Limits: no single method suits every personality or market. Traders must adapt Elder’s frameworks to their temperament, capital, and chosen markets. Also, the book focuses mainly on discretionary traders; algorithmic traders will need to translate the rules into explicit code and backtest extensively.
16. Common FAQs (Condensed Answers)
Q: Is the Triple Screen still relevant?
Yes. The underlying idea—use multiple timeframes to align trend and timing—remains a solid, time-tested discipline. Indicators might be adapted, but the concept persists.
Q: How much should I risk per trade?
Elder recommends small, consistent risk per trade. Many traders use 1% as a starting point, but suitability depends on your strategy’s expectancy and your tolerance for drawdown. Calculate how many consecutive losses your account can survive and choose risk that keeps that number reasonable.
Q: How often should I review my diary?
Weekly tactical reviews and monthly strategic reviews are a good baseline. After major deviations or drawdowns, conduct an immediate focused review.
17. Ten Practical Rules Summarized
- Always use a stop; define it before entry.
- Risk a small, fixed percent of equity per trade.
- Align short-term trades with longer-term trends (use multiple timeframes).
- Keep a trading diary and review it regularly.
- Backtest before risking real capital on a new method.
- Place trades only when multiple confirmations exist.
- Don’t add to losers; consider adding to winners under strict rules.
- Control emotions—create rituals to prevent impulsive action.
- Measure and manage portfolio-level risk and correlations.
- Treat trading like a business: plan, record, review, improve.
18. Example: A Simple Triple Screen Setup (Applied)
This is a compact example you can implement for stocks or futures:
- Long-term (screen 1): daily 50-EMA above 200-EMA = bullish regime.
- Intermediate (screen 2): 4-hour MACD showing a pullback (MACD histogram negative within an uptrend) — seek a corrective opportunity.
- Short-term (screen 3): 15-minute chart: wait for MACD crossover to the upside or a bullish engulfing candle at support; confirm volume with a Force Index uptick.
- Entry: when short-term confirms, enter with stop below recent swing low.
- Target: previous swing high or a multiple of risk (e.g., 2× risk) — trail stop as price advances.
19. How to Convert This Gist into a 30/60/90 Day Plan
- Days 1–30: Read the book carefully, extract rules, write a one-page plan, and paper trade the Triple Screen setup for at least 30 trades.
- Days 31–60: Begin trading small live positions (1–5% of typical size), keep a diary, and perform weekly reviews. Refine your stop and target rules from real feedback.

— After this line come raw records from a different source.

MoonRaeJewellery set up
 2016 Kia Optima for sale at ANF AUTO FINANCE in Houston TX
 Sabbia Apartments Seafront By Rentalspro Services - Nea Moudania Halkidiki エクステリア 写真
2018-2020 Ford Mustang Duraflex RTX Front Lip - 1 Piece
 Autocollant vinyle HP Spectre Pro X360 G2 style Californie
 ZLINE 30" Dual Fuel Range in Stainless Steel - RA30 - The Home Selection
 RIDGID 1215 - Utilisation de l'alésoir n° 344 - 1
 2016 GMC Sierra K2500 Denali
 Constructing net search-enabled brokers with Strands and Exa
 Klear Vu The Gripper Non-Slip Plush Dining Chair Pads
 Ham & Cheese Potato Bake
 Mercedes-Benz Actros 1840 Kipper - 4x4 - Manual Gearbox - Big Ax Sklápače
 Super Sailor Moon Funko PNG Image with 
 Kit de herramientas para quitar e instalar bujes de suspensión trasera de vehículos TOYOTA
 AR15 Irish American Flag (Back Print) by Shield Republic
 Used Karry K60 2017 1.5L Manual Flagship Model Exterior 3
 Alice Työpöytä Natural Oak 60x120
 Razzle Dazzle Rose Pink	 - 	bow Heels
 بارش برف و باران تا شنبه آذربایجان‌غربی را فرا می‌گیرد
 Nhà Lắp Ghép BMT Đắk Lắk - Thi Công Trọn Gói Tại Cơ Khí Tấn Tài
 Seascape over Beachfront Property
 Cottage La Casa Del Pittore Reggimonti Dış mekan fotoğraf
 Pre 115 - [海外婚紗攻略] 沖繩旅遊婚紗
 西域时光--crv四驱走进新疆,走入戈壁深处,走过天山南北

- Days 61–90: Increase size modestly only if your recorded expectancy is positive and drawdowns align with your plan. Implement monthly performance summaries and adjust the plan based on data.
20. Final Takeaways — What to Remember
Alexander Elder’s The New Trading for a Living is a practical handbook that treats trading as a craft requiring psychological mastery, a coherent method, and disciplined money management. Read it with a notebook, extract the rules you can test, and convert your best ideas into a written plan and moving routines. The difference between hobbyist and professional traders is simple: professionals plan, measure, and control risk. If you adopt Elder’s triad — Mind, Method, Money — and rigorously apply it, you improve your odds of long-term success.